For each line in the records that contains "white", make a copy.

(Short descriptive text snippets)
---------------
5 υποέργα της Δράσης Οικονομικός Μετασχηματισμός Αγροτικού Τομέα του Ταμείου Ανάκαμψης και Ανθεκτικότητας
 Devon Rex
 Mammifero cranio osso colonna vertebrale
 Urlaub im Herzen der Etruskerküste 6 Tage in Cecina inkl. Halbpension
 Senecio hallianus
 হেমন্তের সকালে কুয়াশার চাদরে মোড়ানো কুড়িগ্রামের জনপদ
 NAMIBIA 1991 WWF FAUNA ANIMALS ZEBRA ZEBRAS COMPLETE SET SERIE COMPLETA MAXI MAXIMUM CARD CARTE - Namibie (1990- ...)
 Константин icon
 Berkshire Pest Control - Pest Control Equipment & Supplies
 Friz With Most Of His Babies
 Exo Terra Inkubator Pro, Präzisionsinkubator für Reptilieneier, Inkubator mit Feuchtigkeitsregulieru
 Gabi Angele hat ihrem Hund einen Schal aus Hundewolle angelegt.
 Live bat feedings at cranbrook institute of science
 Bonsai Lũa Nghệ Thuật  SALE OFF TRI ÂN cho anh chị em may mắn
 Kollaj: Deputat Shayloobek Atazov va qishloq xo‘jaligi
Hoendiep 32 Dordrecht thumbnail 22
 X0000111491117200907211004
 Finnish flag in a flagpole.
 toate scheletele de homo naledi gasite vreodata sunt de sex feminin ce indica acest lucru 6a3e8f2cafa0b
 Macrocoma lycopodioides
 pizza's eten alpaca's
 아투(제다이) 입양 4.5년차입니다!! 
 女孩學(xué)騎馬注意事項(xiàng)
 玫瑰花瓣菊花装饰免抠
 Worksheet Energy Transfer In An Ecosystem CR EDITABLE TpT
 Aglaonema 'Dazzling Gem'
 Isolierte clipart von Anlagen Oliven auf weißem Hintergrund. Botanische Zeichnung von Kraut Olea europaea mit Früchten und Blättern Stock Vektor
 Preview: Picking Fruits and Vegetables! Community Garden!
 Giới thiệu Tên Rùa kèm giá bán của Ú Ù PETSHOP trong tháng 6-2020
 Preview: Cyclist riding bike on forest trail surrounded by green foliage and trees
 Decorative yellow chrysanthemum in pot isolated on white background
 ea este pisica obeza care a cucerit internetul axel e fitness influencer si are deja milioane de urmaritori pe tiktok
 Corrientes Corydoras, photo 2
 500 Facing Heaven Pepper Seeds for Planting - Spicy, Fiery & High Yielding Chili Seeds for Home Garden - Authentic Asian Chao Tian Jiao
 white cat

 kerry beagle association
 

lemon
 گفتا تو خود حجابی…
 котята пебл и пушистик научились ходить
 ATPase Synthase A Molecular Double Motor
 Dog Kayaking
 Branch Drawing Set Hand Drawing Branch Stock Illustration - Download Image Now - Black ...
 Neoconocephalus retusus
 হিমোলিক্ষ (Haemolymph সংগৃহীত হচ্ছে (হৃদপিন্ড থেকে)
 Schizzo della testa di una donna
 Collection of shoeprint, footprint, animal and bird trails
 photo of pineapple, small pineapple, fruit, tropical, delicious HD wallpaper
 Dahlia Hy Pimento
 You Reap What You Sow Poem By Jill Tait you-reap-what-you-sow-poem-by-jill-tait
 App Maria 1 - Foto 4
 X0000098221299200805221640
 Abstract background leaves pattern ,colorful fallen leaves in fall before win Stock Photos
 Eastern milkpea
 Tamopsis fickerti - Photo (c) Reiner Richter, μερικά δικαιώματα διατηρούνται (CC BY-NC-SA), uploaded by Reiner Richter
---------------
* **Reply to the task**
 Decorative yellow chrysanthemum in pot isolated on white background
 white cat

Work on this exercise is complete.